Posted by: Nov 10, 2014By Brian Stutheit

Despite knowing that it is improper and unlawful, the Colorado Department of Labor’s Unemployment Insurance Integrity
Benefit Payment Control section  continues to send citizens demands for repayment which include a 65% penalty for fraud.  This is outrageous.

It is the Benefit Payment Control people who send out notices of overpayment and demands for repayment of benefits.  These collectors routinely assume that someone fraudulently under reported wages from part time work, or miscalculated earnings.  Often these collectors never even ask the benefit recipient to explain a deviation between what they told Unemployment they were earning from part time work and what actual earnings were.

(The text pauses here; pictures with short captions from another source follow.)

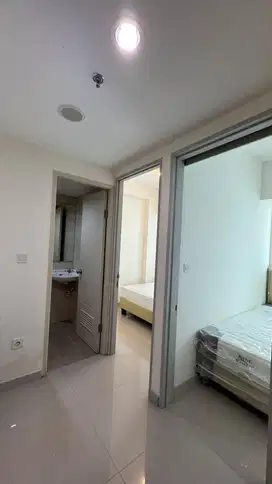 Disewakan murah banget Apartemen Osaka PIK 2BR furnish developer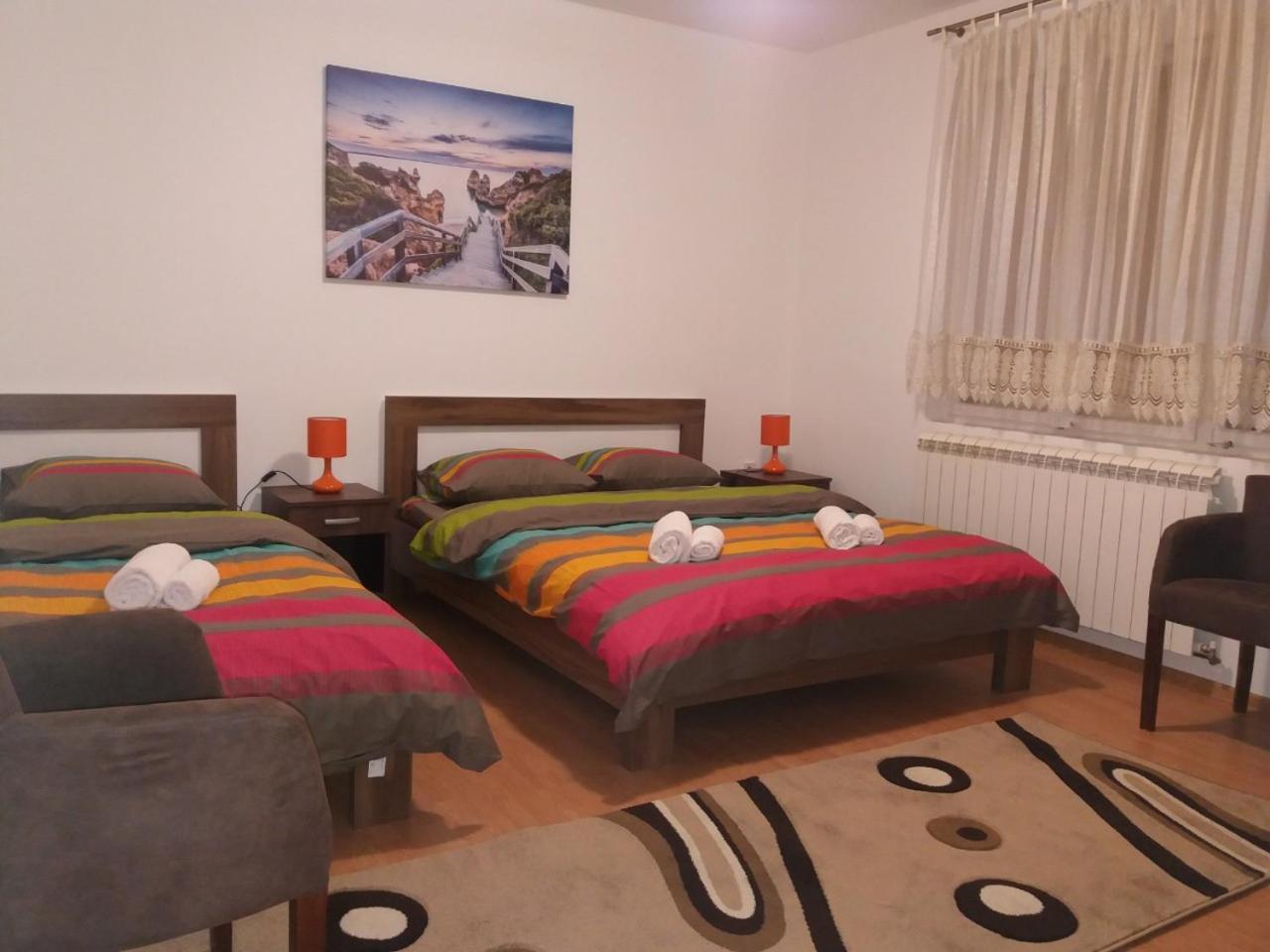 Apartman Donji Kraj Leilighet Cetinje Eksteriør bilde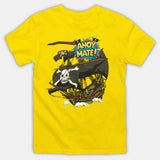 Boy HS Tshirts - Orange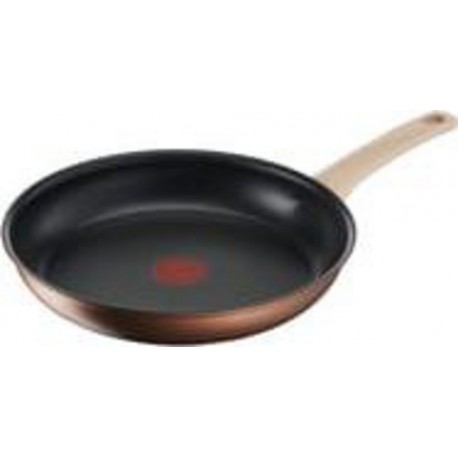 Tefal Poêle induction EcoREspect Aluminium recyclée 28cm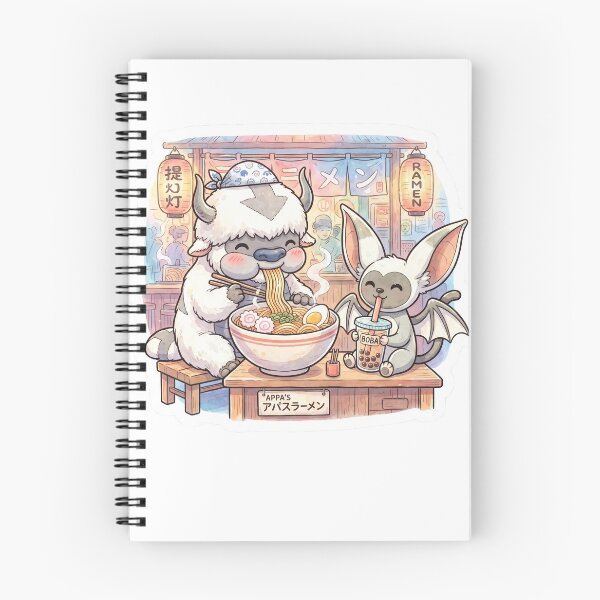 Item preview, Appa Momo Ramen Shop designed and sold by Tiffany Roy.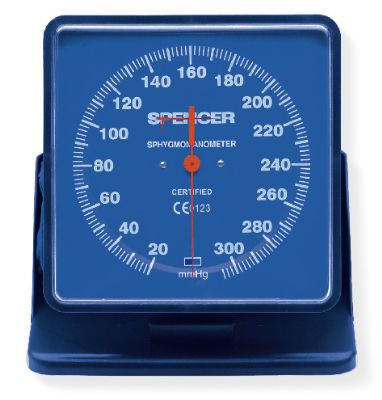 Dial sphygmomanometer 0 - 300 mmHg | Viso Kompak-T Spencer Italia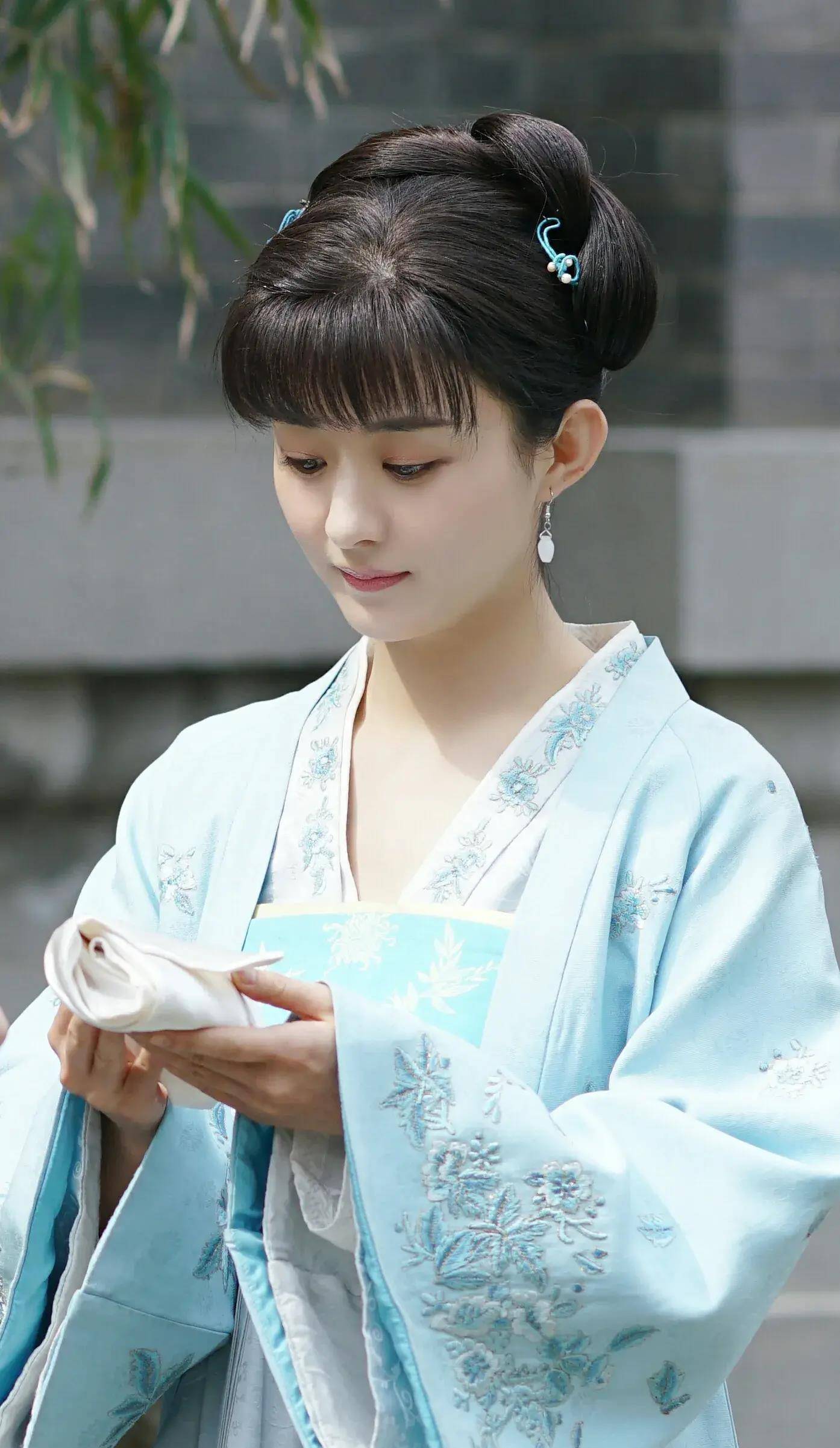 杨颖找到正午阳光的董事长表示只要让自己出演盛明兰的角色钱不是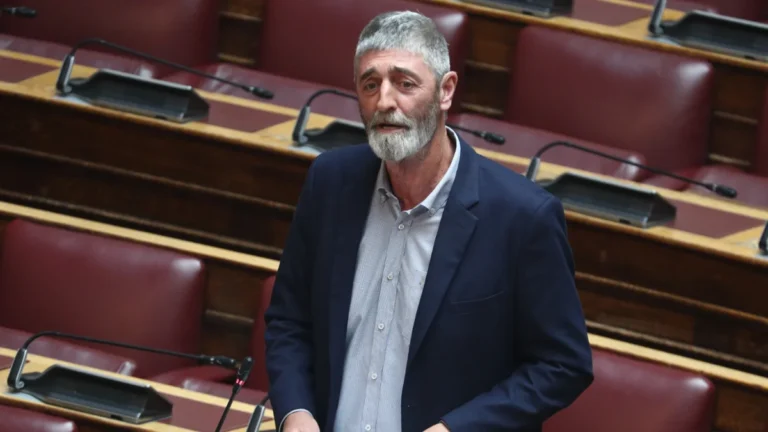 nikos exarxos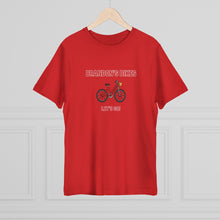 Load image into Gallery viewer, Brandon&#39;s Bikes Unisex Deluxe T-shirt
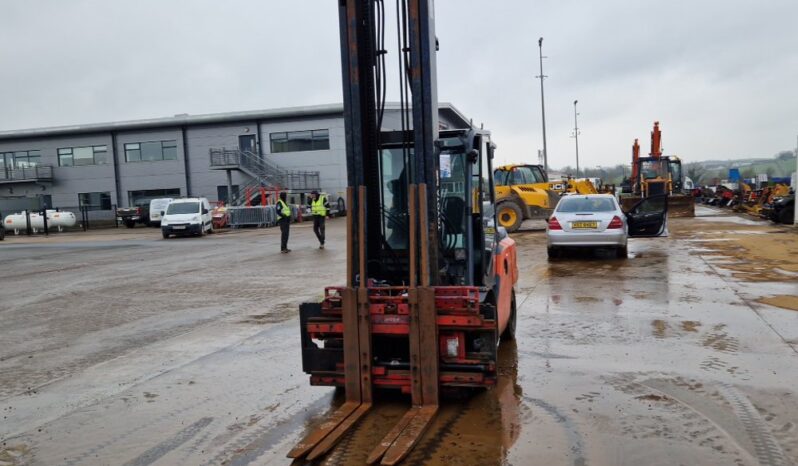 Toyota 40-8FD50N Forklifts For Auction: Dromore – 21st & 22nd February 2025 @ 9:00am For Auction on 2025-02-22 full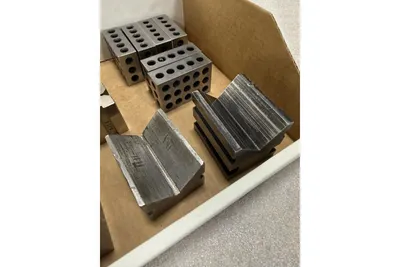 Used _UNKNOWN_ _UNKNOWN_ V-Blocks Utah US | KD Auctions #1549399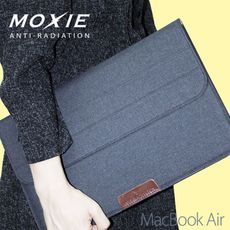 【愛瘋潮】免運 現貨 Moxie X-Bag Macbook Air 15吋 專業防電磁波電腦包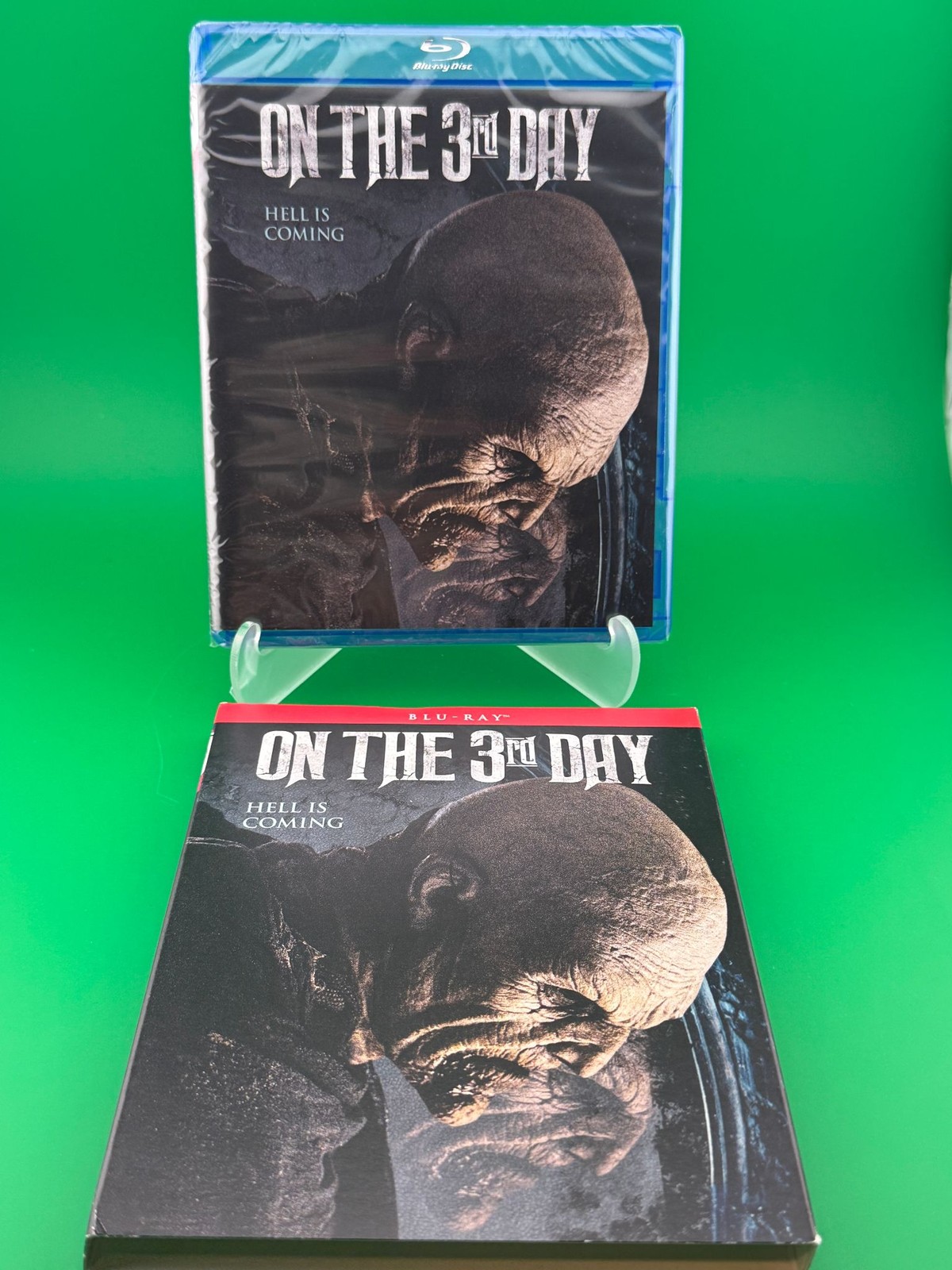 On The 3rd Day (Blu-ray 2021) NEW with Slipcover – Scream Factory – Free ship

Once they have assumed fraud, the collectors demand repayment plus a penalty.  They always demand a 65% penalty.  This is what is unlawful.

The penalty for overpayment as a result of willful misrepresentation was amended by House Bill 1124 in 2013. The Bill raised the penalty for fraudulent receipt of benefits from 50% to 65%. The revised penalty was only to be imposed upon improper payments received after August 7, 2013.  However, Colorado has been demanding the 65% penalty against everyone it decides should be penalized, no matter when benefits were received.  They leave it to benefit recipients to learn that they are being assessed unlawfully high benefits.  For a government agency to act so carelessly, or cavalierly, is wrong.  Stutheit & Gartland, P.C. is contacting the press  and the office of Governor Hickenlooper about this. We are exploring a class action lawsuit to return unlawful penalties.

If you get a repayment demand, do not let them assess penalties without a fight.